WHAT IS NEEDED.
Starting at the line that contains "一位身穿紫色長袍的女孩站在森林神社的木製鳥居前。 — 鳥居 壁紙", copy every line through the end of the listing below exactly, and copy nothing else.
□ □ □ □ □
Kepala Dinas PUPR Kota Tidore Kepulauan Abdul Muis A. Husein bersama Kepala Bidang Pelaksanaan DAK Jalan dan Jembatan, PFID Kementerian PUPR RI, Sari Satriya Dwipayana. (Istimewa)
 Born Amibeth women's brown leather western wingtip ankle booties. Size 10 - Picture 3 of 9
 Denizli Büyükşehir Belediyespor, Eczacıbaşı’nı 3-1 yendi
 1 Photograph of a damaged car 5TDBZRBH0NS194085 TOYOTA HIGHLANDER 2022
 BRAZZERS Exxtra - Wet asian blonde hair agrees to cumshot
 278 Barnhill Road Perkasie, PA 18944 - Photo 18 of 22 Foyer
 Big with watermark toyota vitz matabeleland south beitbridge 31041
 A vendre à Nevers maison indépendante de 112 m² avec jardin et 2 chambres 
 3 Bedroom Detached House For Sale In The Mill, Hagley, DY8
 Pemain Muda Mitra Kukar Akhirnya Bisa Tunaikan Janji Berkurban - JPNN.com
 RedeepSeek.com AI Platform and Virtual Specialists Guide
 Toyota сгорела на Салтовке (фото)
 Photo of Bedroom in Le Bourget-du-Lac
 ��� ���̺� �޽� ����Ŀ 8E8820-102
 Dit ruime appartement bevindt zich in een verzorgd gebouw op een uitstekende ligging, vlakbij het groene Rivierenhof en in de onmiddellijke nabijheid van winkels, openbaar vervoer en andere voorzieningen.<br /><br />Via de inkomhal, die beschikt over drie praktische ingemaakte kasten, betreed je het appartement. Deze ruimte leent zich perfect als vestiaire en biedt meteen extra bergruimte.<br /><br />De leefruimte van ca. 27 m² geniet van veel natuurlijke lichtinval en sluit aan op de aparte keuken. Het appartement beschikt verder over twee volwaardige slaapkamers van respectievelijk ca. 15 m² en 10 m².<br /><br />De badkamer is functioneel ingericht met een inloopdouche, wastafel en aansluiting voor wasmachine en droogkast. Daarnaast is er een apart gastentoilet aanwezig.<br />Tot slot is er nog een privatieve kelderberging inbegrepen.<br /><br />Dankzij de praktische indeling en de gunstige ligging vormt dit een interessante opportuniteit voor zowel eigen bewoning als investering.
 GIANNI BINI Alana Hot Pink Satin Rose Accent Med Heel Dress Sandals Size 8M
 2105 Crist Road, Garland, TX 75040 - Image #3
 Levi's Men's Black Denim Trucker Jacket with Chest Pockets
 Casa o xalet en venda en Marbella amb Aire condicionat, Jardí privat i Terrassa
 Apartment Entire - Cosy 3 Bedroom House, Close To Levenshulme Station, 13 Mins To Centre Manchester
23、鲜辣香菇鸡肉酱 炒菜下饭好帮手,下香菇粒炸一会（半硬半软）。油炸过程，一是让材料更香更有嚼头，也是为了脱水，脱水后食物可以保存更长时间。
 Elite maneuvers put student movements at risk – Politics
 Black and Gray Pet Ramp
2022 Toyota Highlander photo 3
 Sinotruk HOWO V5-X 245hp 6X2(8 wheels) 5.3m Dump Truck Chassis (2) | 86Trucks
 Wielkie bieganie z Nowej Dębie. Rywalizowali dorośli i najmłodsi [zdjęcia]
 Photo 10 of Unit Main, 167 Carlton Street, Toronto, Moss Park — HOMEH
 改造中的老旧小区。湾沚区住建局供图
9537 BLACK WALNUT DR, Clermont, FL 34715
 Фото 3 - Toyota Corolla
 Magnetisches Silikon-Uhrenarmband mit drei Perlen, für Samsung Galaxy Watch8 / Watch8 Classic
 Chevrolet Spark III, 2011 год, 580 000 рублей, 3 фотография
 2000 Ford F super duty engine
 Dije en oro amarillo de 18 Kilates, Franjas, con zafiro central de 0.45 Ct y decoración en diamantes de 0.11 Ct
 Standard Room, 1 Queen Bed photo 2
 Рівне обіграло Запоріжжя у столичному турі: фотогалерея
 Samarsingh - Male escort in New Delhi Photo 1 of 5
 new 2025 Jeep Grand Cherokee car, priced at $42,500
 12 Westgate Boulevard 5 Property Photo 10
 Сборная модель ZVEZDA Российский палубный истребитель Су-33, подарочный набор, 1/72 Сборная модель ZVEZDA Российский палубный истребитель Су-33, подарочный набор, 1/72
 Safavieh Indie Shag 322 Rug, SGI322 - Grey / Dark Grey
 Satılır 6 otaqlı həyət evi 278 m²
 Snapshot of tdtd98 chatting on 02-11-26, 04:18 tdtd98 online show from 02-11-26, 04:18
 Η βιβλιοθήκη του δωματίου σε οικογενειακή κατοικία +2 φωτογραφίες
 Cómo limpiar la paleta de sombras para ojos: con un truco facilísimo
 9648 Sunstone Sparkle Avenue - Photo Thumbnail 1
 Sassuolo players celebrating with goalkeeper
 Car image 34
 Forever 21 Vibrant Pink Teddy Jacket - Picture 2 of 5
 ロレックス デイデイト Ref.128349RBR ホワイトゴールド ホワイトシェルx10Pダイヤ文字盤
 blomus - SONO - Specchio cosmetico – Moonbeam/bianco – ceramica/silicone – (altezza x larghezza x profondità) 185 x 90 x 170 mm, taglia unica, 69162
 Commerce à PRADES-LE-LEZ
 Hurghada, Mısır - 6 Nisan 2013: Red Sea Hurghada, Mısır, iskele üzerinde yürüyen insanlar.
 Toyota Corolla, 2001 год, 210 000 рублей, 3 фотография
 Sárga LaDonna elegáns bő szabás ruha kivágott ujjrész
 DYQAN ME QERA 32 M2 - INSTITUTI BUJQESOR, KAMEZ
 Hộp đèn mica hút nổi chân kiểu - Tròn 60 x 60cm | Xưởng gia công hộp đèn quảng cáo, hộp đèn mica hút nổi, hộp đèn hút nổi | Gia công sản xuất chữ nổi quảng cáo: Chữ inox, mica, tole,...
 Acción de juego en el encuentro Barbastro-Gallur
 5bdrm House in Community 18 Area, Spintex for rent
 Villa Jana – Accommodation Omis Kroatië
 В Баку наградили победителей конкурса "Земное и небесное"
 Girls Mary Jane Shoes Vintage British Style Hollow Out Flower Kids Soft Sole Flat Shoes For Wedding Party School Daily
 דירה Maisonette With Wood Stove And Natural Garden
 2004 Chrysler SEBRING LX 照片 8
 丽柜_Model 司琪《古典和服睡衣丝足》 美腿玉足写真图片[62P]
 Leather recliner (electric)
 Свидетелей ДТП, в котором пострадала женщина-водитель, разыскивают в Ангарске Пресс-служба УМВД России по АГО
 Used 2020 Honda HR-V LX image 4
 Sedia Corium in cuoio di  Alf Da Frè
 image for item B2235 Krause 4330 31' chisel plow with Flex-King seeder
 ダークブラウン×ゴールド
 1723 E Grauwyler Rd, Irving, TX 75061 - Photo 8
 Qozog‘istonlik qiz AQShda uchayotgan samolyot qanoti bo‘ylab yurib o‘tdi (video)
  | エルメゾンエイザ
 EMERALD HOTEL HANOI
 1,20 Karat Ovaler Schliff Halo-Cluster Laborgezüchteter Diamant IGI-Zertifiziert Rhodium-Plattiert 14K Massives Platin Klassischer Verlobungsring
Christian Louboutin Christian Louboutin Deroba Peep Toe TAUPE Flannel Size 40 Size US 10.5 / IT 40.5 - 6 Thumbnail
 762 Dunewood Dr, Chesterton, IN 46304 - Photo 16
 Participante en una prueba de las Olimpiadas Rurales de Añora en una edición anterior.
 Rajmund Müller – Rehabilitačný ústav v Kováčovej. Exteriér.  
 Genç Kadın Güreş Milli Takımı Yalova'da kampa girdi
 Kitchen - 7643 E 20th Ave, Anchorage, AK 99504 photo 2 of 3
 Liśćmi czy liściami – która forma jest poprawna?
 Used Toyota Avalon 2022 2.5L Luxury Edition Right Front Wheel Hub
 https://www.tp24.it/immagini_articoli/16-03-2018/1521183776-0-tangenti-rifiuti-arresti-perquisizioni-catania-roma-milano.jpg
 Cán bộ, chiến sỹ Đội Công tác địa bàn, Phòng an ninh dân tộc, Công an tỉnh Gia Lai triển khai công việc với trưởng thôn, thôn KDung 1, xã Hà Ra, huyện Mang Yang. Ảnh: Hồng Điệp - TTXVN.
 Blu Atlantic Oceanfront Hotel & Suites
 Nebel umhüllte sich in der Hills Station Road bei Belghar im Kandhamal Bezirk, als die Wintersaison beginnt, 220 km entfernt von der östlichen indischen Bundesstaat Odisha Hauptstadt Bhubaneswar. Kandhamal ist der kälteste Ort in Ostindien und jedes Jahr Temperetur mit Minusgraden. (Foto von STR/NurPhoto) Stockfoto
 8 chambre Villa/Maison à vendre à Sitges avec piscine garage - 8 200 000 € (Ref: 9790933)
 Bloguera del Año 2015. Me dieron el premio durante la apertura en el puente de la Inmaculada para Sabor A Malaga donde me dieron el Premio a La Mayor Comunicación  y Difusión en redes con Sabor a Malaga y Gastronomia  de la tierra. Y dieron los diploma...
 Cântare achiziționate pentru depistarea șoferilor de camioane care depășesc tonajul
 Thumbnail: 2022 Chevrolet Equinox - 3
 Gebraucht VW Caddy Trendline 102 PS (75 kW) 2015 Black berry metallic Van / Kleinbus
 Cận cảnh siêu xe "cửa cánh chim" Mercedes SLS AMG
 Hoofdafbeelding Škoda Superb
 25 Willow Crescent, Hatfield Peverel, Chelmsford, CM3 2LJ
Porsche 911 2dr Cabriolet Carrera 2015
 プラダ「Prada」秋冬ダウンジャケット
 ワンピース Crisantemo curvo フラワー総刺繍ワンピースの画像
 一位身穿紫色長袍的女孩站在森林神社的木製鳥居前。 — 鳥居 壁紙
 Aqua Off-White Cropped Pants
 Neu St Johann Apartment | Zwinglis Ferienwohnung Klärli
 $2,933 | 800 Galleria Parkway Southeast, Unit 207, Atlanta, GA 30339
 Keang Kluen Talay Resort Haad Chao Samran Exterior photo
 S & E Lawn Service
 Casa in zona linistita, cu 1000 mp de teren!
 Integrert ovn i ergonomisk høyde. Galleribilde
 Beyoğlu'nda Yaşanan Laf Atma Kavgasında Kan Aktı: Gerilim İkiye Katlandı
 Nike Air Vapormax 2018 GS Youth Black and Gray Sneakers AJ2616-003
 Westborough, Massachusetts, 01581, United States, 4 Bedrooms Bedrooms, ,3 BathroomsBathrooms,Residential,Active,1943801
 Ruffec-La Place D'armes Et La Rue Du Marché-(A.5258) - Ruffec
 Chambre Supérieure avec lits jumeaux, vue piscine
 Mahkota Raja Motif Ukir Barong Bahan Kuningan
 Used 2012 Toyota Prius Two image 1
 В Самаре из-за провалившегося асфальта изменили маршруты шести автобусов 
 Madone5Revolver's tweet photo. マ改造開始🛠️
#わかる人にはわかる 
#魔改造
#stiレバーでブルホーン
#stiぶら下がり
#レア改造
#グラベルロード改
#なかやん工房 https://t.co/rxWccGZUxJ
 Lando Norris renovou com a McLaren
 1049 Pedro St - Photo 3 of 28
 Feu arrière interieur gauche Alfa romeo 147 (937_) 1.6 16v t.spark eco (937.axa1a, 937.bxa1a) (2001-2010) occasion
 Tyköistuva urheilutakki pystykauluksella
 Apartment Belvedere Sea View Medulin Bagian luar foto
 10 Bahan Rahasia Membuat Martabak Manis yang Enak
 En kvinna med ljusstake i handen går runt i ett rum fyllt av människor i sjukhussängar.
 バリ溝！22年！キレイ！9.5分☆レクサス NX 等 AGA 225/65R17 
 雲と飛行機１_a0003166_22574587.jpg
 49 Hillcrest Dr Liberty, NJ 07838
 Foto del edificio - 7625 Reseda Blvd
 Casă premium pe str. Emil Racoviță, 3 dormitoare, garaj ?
□ □ □ □ □
ANSWER TO THE EXERCISE.
 一位身穿紫色長袍的女孩站在森林神社的木製鳥居前。 — 鳥居 壁紙
 Aqua Off-White Cropped Pants
 Neu St Johann Apartment | Zwinglis Ferienwohnung Klärli
 $2,933 | 800 Galleria Parkway Southeast, Unit 207, Atlanta, GA 30339
 Keang Kluen Talay Resort Haad Chao Samran Exterior photo
 S & E Lawn Service
 Casa in zona linistita, cu 1000 mp de teren!
 Integrert ovn i ergonomisk høyde. Galleribilde
 Beyoğlu'nda Yaşanan Laf Atma Kavgasında Kan Aktı: Gerilim İkiye Katlandı
 Nike Air Vapormax 2018 GS Youth Black and Gray Sneakers AJ2616-003
 Westborough, Massachusetts, 01581, United States, 4 Bedrooms Bedrooms, ,3 BathroomsBathrooms,Residential,Active,1943801
 Ruffec-La Place D'armes Et La Rue Du Marché-(A.5258) - Ruffec
 Chambre Supérieure avec lits jumeaux, vue piscine
 Mahkota Raja Motif Ukir Barong Bahan Kuningan
 Used 2012 Toyota Prius Two image 1
 В Самаре из-за провалившегося асфальта изменили маршруты шести автобусов 
 Madone5Revolver's tweet photo. マ改造開始🛠️
#わかる人にはわかる 
#魔改造
#stiレバーでブルホーン
#stiぶら下がり
#レア改造
#グラベルロード改
#なかやん工房 https://t.co/rxWccGZUxJ
 Lando Norris renovou com a McLaren
 1049 Pedro St - Photo 3 of 28
 Feu arrière interieur gauche Alfa romeo 147 (937_) 1.6 16v t.spark eco (937.axa1a, 937.bxa1a) (2001-2010) occasion
 Tyköistuva urheilutakki pystykauluksella
 Apartment Belvedere Sea View Medulin Bagian luar foto
 10 Bahan Rahasia Membuat Martabak Manis yang Enak
 En kvinna med ljusstake i handen går runt i ett rum fyllt av människor i sjukhussängar.
 バリ溝！22年！キレイ！9.5分☆レクサス NX 等 AGA 225/65R17 
 雲と飛行機１_a0003166_22574587.jpg
 49 Hillcrest Dr Liberty, NJ 07838
 Foto del edificio - 7625 Reseda Blvd
 Casă premium pe str. Emil Racoviță, 3 dormitoare, garaj ?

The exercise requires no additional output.